The fallout from the US government's huge antitrust report last week has continued to plague big tech companies in the country, as various entities voice their opinions and further ramifications start to take shape. The US House Judiciary Committee released the report last Tuesday, investigating the power of some of the country's largest technology companies and specifically how their behaviour seeks to gain further monopolisation of their respective fields.

The report outlined a lot of recommendations including limitations on dominant platforms operating in adjacent lines of business, requirements for interoperability and data portability, non-discrimination requirements, a ban on self-preferencing, and tighter controls on mergers.
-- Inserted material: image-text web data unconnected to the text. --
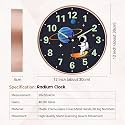 WHISKET - 12 Inch Luxury Designer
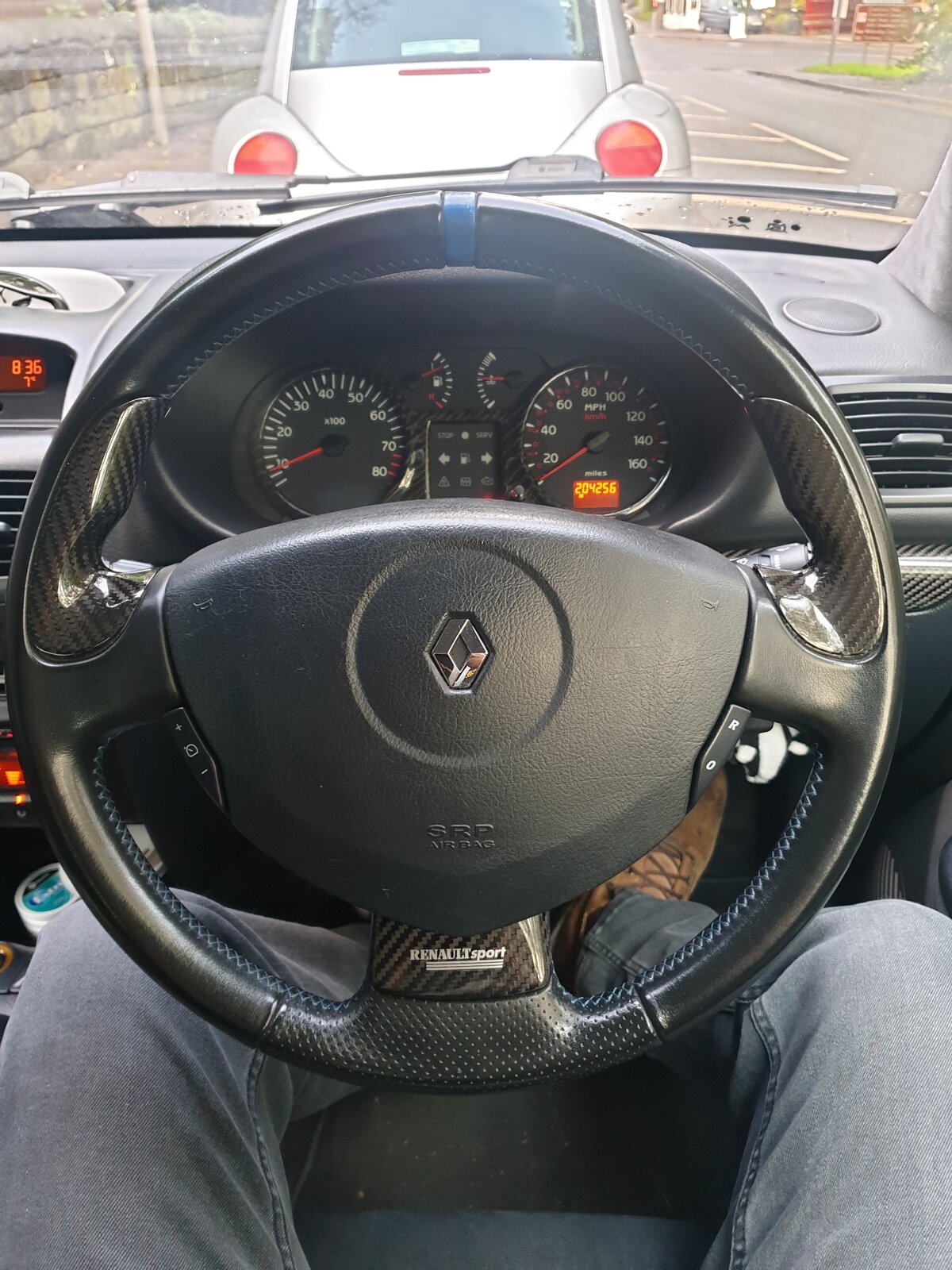 20191018_083700.jpg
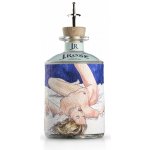 J.Rose London Dry Artisan Gin no. 3 43% 0,7 l (holá láhev) – Sleviste.cz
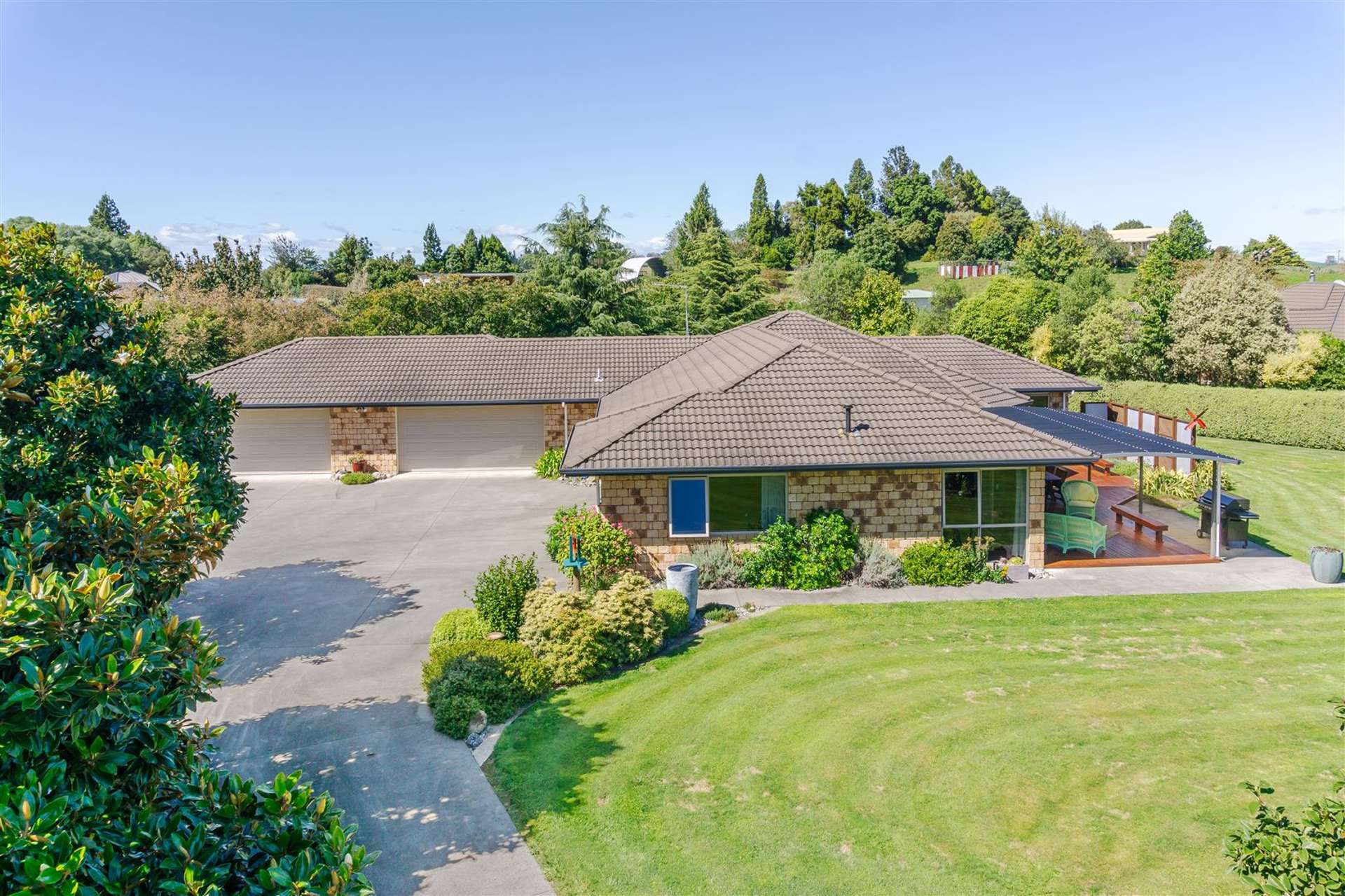 37 Mangauika Road Pirongia_0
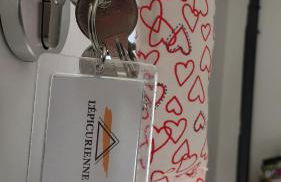 L'Epicurienne - Foto 19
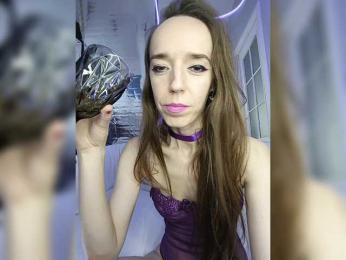 A_R_T_A — Bongacams recorded stream image, 23.03.2026 16:50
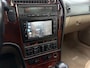 Saab 9-5 2.0t |Airco |Nieuwe APK |CruiseC |NAP |Turbo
If administered, either in whole or even in part, these recommendations would have an astounding impact on the way the technology industry currently operates.

Of course, the tech companies themselves – including Amazon, Apple, Facebook, and Google -  were quick to dismiss the claims of the report as largely malarkey, with Amazon branding the findings as "fringe notions", and "regulatory spit balling," while Facebook said its business represents an "American success story."

It's clear, though, that this issue isn't fading away any time soon for these companies. To top off the Democrat-led report, Trump administration official William Barr is soon poised to file a monopoly-abuse lawsuit against Google, putting bipartisan pressure on the search and advertising giant. Meanwhile, the chair of the antitrust subcommittee, David Cicilline, said that he expects to draft legislation acting upon the report's recommendations by the end of the year.

Not one to shy away from an anti-trust spat, reports surfaced this week that the European Union is also considering applying more pressure on US-based tech behemoths. According to the Financial Times,  EU regulators are cooking up a "hit list" of roughly 20 companies that will face stricter regulatory hurdles relating to market competition and operational activities. Ultimately, it hasn't been a great couple of weeks for the people of Silicon Valley.